▶ **REQUIRED WORK**
The line containing "3D MAXpider 14-18" and every line after it, through the last line of the records, are to be transcribed exactly, and nothing else.

▶ **Records drawn from a dataset**

BEGIN

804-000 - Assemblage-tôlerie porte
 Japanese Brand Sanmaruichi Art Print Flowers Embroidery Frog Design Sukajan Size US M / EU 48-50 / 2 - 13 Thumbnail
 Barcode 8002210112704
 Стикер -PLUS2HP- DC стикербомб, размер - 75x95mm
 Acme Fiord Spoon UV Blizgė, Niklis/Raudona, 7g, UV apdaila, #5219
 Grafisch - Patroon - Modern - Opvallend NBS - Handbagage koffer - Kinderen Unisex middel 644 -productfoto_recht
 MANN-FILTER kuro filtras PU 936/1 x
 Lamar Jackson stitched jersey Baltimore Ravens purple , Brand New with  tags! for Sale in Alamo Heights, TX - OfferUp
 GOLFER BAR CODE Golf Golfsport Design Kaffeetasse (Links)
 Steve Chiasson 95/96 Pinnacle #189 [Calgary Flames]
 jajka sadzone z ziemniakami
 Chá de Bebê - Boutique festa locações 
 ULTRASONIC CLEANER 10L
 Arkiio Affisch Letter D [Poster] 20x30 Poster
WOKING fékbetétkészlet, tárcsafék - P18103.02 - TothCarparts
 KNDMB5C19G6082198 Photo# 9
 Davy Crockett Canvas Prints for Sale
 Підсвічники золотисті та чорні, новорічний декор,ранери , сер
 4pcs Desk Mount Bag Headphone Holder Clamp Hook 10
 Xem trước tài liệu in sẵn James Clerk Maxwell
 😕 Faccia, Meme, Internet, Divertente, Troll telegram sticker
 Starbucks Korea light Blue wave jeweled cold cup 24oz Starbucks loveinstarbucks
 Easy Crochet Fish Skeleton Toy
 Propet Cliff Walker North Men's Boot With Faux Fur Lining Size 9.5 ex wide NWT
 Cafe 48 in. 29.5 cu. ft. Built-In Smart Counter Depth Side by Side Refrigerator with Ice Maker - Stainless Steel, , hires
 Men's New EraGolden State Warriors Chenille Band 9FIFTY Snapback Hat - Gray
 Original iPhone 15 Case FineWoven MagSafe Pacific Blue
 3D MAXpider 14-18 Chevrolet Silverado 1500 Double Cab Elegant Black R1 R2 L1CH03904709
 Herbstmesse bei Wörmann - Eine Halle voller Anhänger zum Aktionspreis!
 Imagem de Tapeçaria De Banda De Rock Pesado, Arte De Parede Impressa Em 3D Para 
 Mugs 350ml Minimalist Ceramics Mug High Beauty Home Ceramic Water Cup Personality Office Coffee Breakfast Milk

END

▶ **REPLY**
 3D MAXpider 14-18 Chevrolet Silverado 1500 Double Cab Elegant Black R1 R2 L1CH03904709
 Herbstmesse bei Wörmann - Eine Halle voller Anhänger zum Aktionspreis!
 Imagem de Tapeçaria De Banda De Rock Pesado, Arte De Parede Impressa Em 3D Para 
 Mugs 350ml Minimalist Ceramics Mug High Beauty Home Ceramic Water Cup Personality Office Coffee Breakfast Milk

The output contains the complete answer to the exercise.